Problem description:
Could you copy every line of the data that contains "Shirt"?

Listed entries below:

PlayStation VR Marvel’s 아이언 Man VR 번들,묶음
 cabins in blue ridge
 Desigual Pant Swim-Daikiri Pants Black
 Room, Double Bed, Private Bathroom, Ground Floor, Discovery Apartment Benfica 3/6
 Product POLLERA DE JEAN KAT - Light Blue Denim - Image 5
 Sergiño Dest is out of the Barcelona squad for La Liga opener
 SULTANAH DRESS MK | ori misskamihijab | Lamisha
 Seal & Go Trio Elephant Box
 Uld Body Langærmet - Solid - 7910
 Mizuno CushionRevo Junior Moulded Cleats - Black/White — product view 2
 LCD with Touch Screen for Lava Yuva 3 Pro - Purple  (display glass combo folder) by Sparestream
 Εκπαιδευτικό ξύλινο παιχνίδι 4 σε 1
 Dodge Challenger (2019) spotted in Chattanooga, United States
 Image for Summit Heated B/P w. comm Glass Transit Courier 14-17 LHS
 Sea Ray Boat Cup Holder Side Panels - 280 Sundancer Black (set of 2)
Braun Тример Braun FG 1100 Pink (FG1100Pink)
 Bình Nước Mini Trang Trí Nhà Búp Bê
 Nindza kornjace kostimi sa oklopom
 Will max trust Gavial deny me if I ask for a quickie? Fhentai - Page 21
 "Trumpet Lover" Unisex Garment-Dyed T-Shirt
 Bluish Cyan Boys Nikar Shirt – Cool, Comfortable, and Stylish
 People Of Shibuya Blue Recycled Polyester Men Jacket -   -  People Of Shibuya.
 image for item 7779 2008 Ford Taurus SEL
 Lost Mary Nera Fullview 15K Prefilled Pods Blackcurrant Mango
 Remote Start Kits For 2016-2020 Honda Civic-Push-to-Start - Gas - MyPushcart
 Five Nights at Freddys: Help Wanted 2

End of Listed entries.

Output:
 "Trumpet Lover" Unisex Garment-Dyed T-Shirt
 Bluish Cyan Boys Nikar Shirt – Cool, Comfortable, and Stylish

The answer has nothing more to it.